Cindy Sherman
[Artist, b. 1954, Glen Ridge, New Jersey, lives in New York.]

 ....I didn’t really have ideas of what I wanted to do with painting. That was when I thought, “Why am I wasting my time elaborately copying things when I could use a camera?” 
 I want that choked-up feeling in your throat which maybe comes from despair or teary-eyed sentimentality: conveying intangible emotions. 
 The work is what it is and hopefully it’s seen as feminist work, or feminist-informed work, but I’m not going to go around espousing theoretical bullshit about feminist stuff. 
 I think of becoming a different person. I look into a mirror next to the camera... it’s trancelike. By staring into it I try to become that character through the lens... When I see what I want, my intuition takes over. 
 I would read theoretical stuff about my work and think, “What? Where did they get that?” The work was so intuitive for me, I didn’t know where it was coming from.
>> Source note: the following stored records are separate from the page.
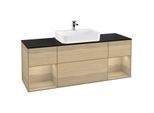 Villeroy und Boch Finion Waschtischunterschrank F452PCPC 160x60,3cm, Abdeckplatte black matt, Regale Oak Veneer, Oak Veneer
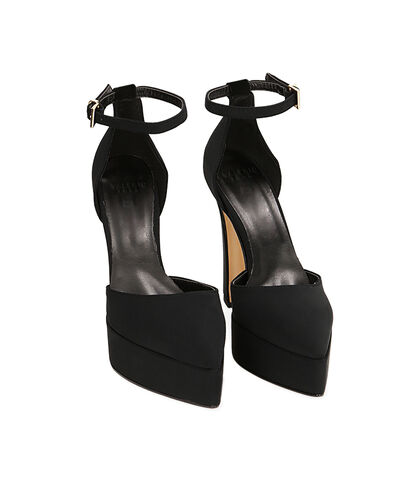 Décolleté platform nere in tessuto, tacco 12,5 cm, 21N2T8611LYNERO035, 002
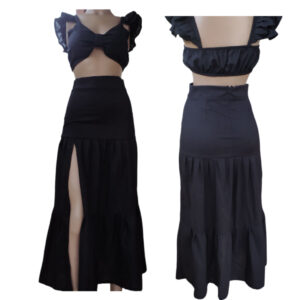 Conjunto Feminino Saia 3 Maria + Cropped Com Bojo | Linho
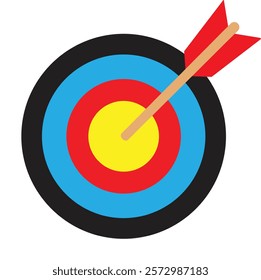 Archery target icon. Archery target with arrow. Target Sports Glyph symbol isolated on transparent background. Goal sign icon. Arrow hitting the center of target - success business concepts.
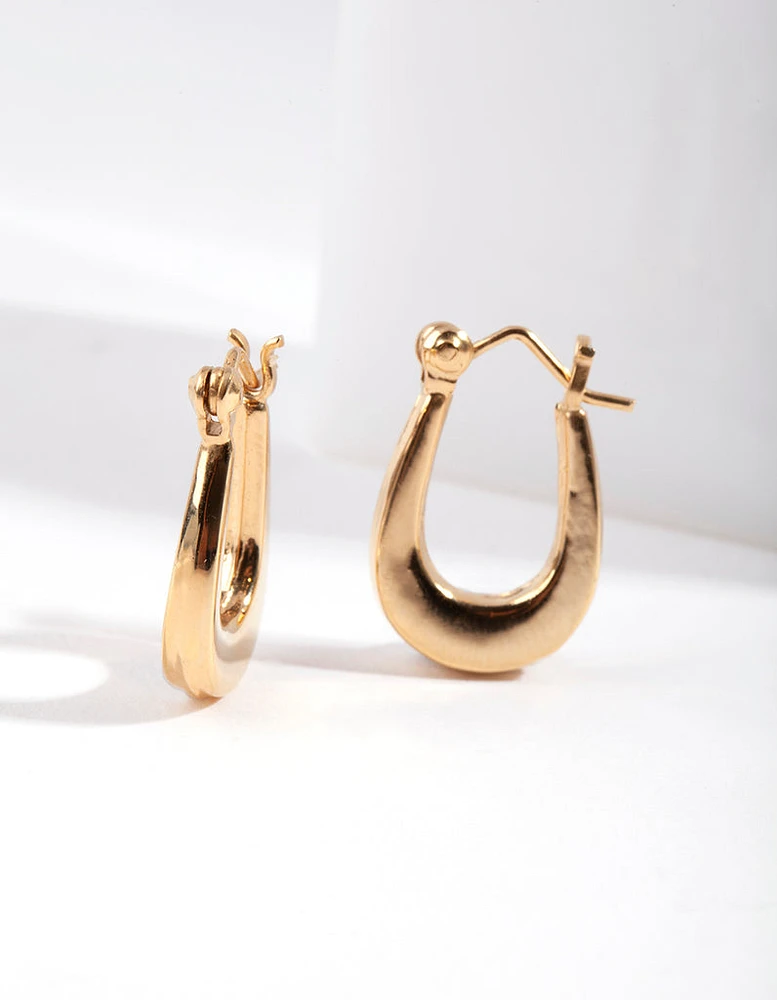 Gold Plated Sterling Silver Oval Hoop Earrings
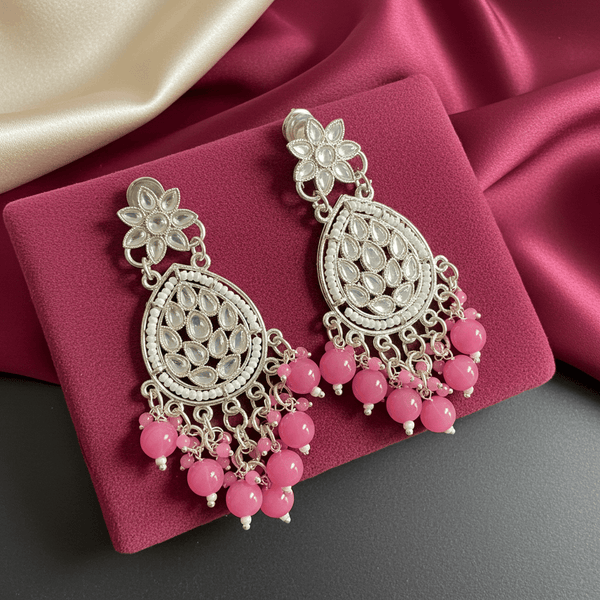 Tessara Silver Kundan Danglers with Rani Pink Beads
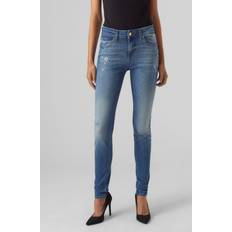 Vero Moda Damen Vmlux Mr Slim Dest Ri314 Jeans, Blue Denim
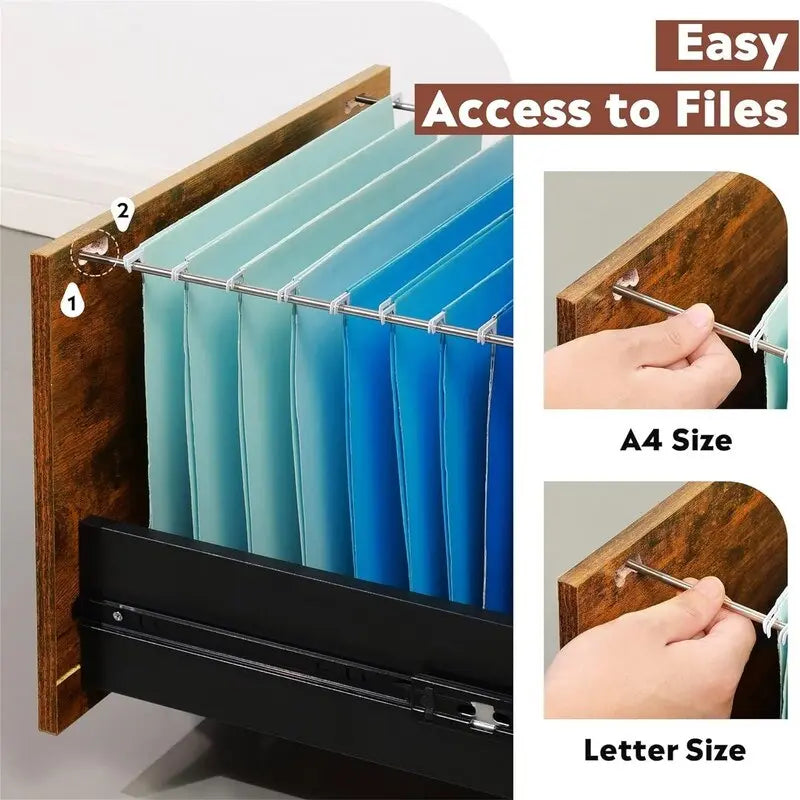 3-Drawer Rolling File Cabinet with Lock
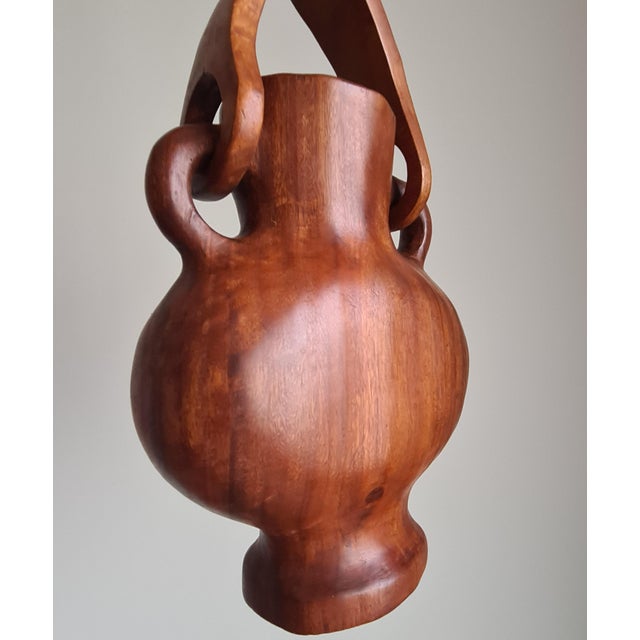 Brutalist Vase in Mass-Carved Wood, 1950, in Very Good conditions. Designed 1950 to 1959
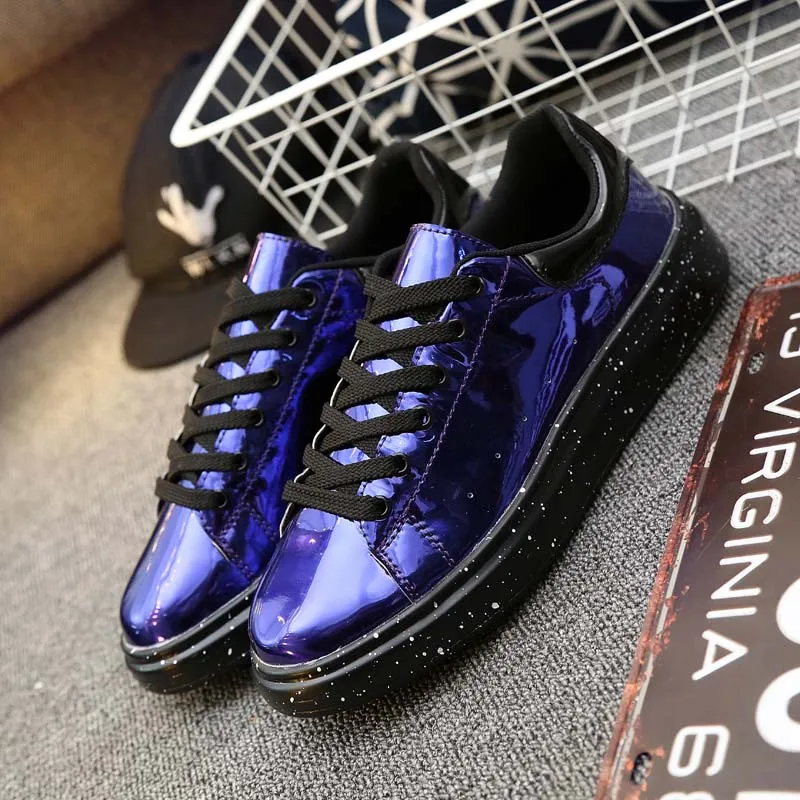 Sooneeya High Top Patent Leather Casual Shoes Men Glitter Luxury Boots Male Driving Shoes Brand Designer Bling Leather Shoes - Цвет: Blue-2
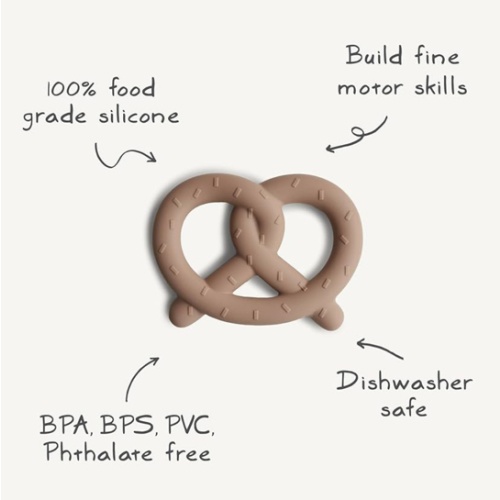 mushie Silicone Baby Teether Toy | Pretzel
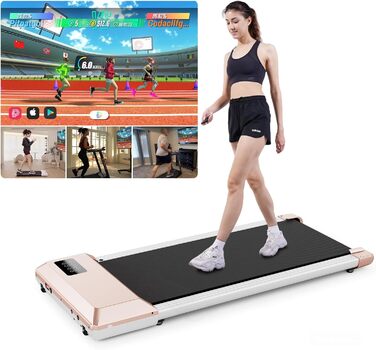 DeerRun Raceable Walking Pad - біговий килимок для дому, до 136 кг, керування через додаток, стіл для бігу з AI, мультиплеєрний режим, 80 см, золотий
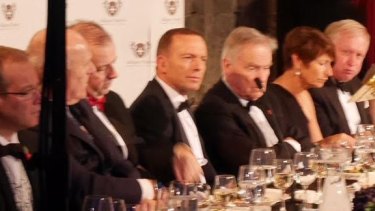 Tony Abbott, fifth from left, with his wife Margaret, second from right, at the Margaret Thatcher lecture in Britain.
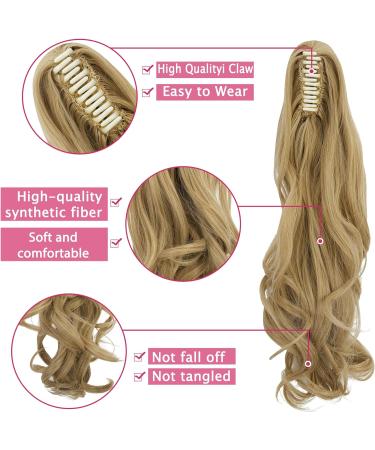 Claw Jaw Ponytail Extension 18 Curly Light Ash Blonde & Bleach Blonde - Clip-in Hair Piece - Buy Online on GoSupps.com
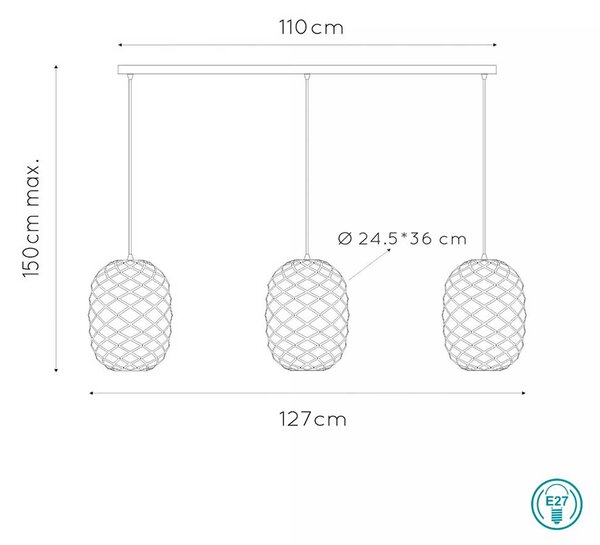 Φωτιστικό Κρεμαστό Ράγα Lucide Wolfram 21417-03-02 Μαύρη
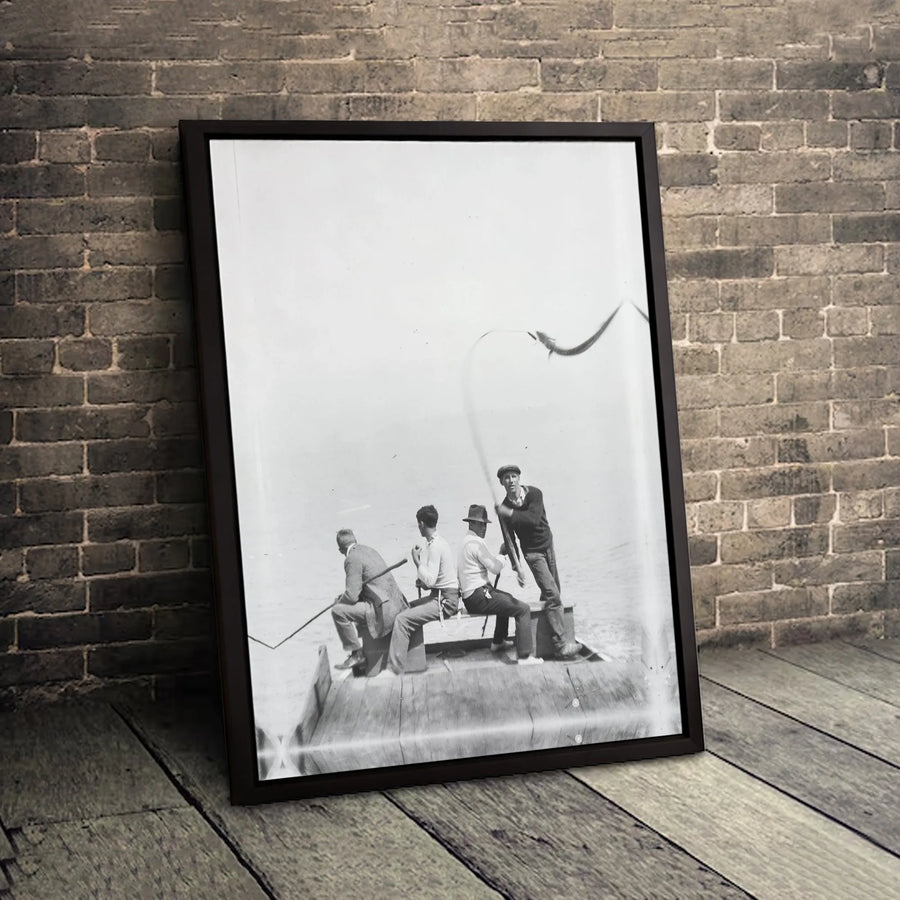 Vintage Fishing Photo Canvas Art | Black and White Fisherman Boat Print | Premium Gallery Wrapped Decor | Nautical Office Wall Decor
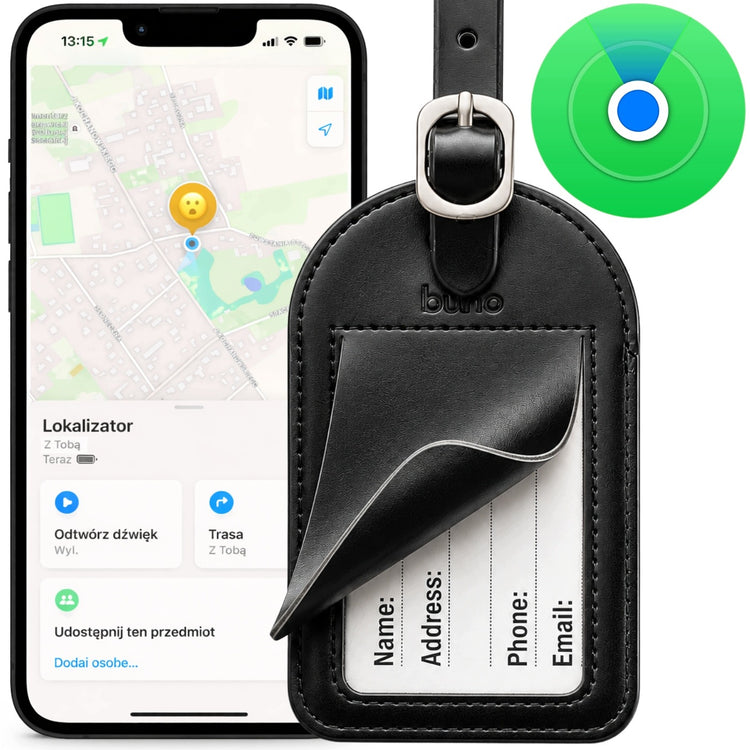 Lagamino žymos formos lokatorius „Spreest AXL1“, suderinamas su Apple Find My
So I thought I had better not say anything or I’d blow it. 
 I didn’t care much about the print quality. The photographs were supposed to look like they cost fifty cents. 
 I didn’t think of what I was doing as political: to me it was a way to make the best out of what I liked to do privately, which was to dress up. 
 It has nothing to do with me. I work with myself, that’s my material somehow, but the finished photograph has more to offer than reflections of my “personality”... My photographs are certainly not self-portraits or representations of myself, though unfortunately people always keep saying they are.